Are you a senior high school student, or know someone who is, that would be keen to take up the challenge of living and studying in a foreign country?

I’ve previously written about taking a gap year to live and work overseas in a culturally unfamiliar environment. But there are also opportunities for high school students to go on a student exchange programme.

A cultural exchange can change your life

My team leader’s sister, Rachel McCarthy, had always wanted to go on an exchange, and says her experience in Switzerland “was the most challenging and rewarding experience of my life so far.”

Now living in Melbourne she says the course of her life changed significantly as a result of the exchange.

“I feel like my exchange equipped me with the maturity to make decisions on my study options, which resulted in me changing my career and study goals in a big way.

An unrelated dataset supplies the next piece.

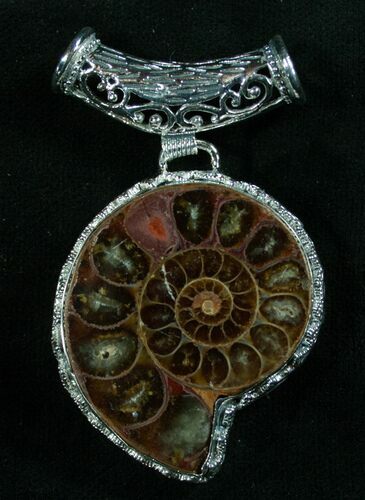 Fossil Ammonite Pendant - Million Years Old #8077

I became more aware of the similarities between cultures, rather than the differences and this ultimately led me to doing a Master of Arts in Islamic Studies, and working in the community sector.”

Coming into contact with ‘fun’ exchange students inspires the dream

Rachel’s interest in doing an exchange was sparked off in Napier where she remembers the “fun exchange students from Europe and South America” that came to her high school. Determined to experience it for herself, in 1999 she made her application to AFS New Zealand, a not-for-profit volunteer-based organisation that sends 100s of young Kiwis overseas every year.

The AFS cultural exchange programme offers high school students a chance to study in a country of their choice for up to a year, and aims to create “peace through friendship and cultural understanding”.

“I was 17 years old and applied for an AFS exchange before heading to university. Switzerland was my first choice of country.It was at the centre of Europe, and the United Nations was there too, which I thought was pretty cool.”

Money doesn’t have to be a barrier

Working steadily at after-school jobs she grew her savings and, with help from her parents and assistance from the RSA and Rotary, she reached the $13,000 needed for the 12-month exchange.  Rachel says:

“Some people may think that money is a barrier. My parents certainly helped, but if you are willing to do an after-school job, or look into funding from organisations like Rotary, or apply for an AFS Scholarship, then I think it is accessible to everyone.”

From small town Napier to Zurich, Switzerland’s largest city

Relocating to the opposite side of the world to a country known for its snowy peaks, and where the trains run like clockwork, Rachel also discovered she was far removed from the small high school she had known.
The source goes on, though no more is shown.